Hmm, well the crows have started to hammer at the tiny rock hard pears so there will be no crop again this year and there is a squirrel that sits in the top of my weeping mulberries gorging himself each evening, fascinating both the cats and anyone else who happens to be up at the bedroom window, but eliminating my jam crop one not quite ripe berry at a time. And a chipmunk family has claimed the asparagus patch as home plate, so they’re off limits plus I’ve lost the battle for the dill to the swallowtail butterfly caterpillars.

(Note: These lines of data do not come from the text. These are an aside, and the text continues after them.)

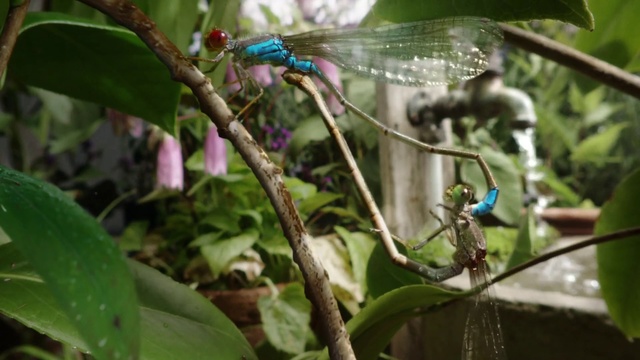 Video Reference: Dragonfly, Dragonflies and damseflies, Insect, Plant, Invertebrate, Terrestrial plant, Damselfly, Jungle, Organism, Hawker dragonflies
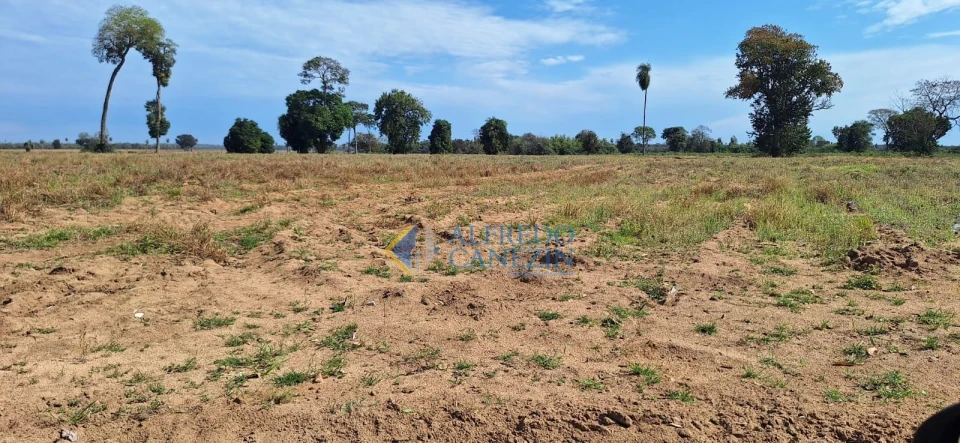 Fazenda em Tapira/PR com 247 alqueires, plantando 172 alq, beira do Rio Ivaí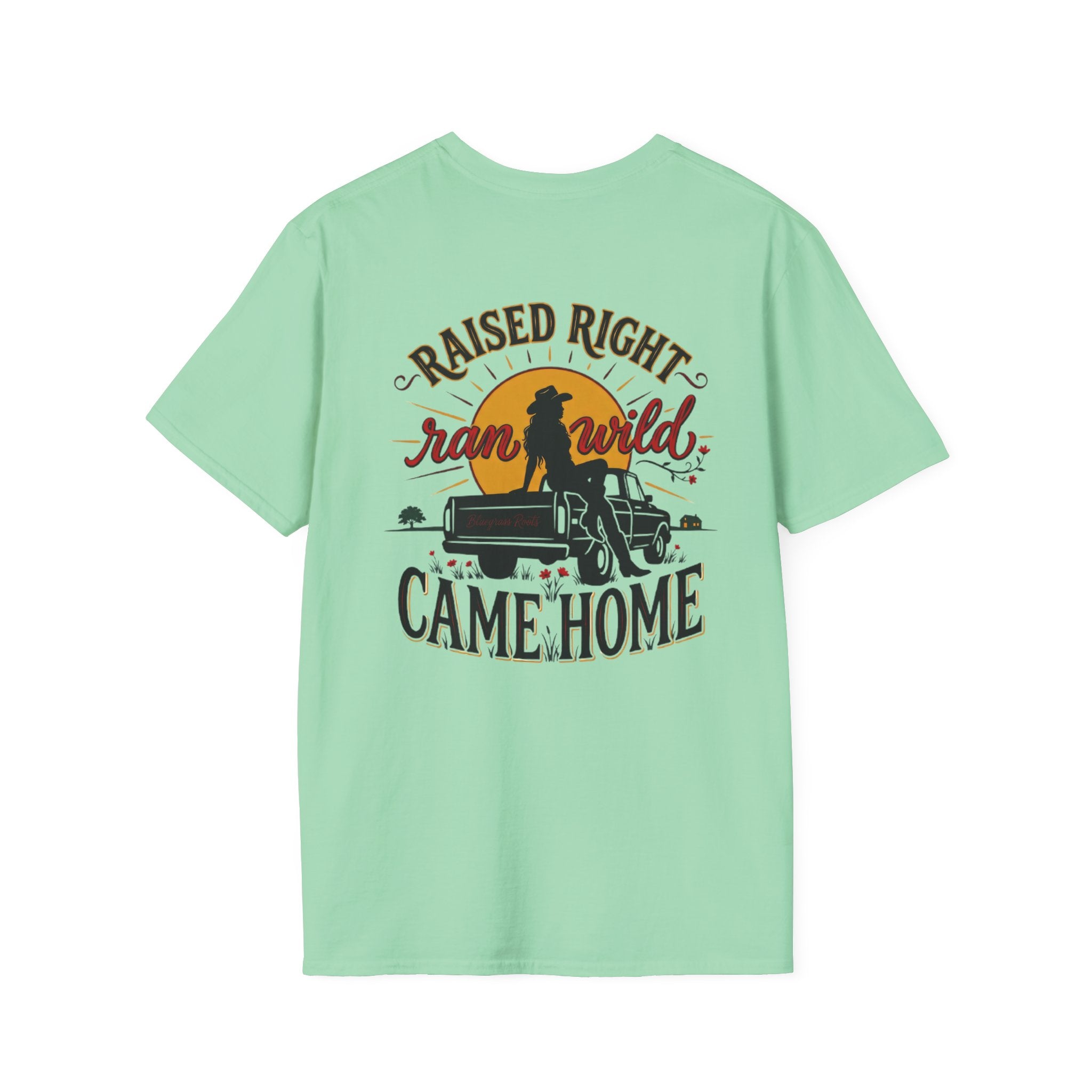 Bluegrass Roots Raised Right Ran Wild Came Home sunset tailgate tee back graphic in Mint Green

Okay, so I’m happy to give up the herb in exchange for graceful emergence of yellow and black later in the summer, but I’m starting to feel a little besieged. Something is skeltonizing all my rose leaves, a miner I think, and let’s not even talk about that fact that the afore mentioned roses have their buds and new growth sheared clean off by my own personal pack of stealth deer. Now I have a lot of plants, and there’s plenty for all of us, so I have no idea why these particular deer walk right by masses of hydrangea to browse every single rose, balloon flower and phlox in the place. There’s plenty of tasty hostas for them to munch, but no, they ignore those and head straight for the daylily buds – and only the buds of the expensive specialty lilies, not the few roadside lilies that are mixed in. And for the first time, this year they’ve decided cosmos are yummy. Very upsetting, although expected.
What's disappointing is that I’m still losing the battle of the voles.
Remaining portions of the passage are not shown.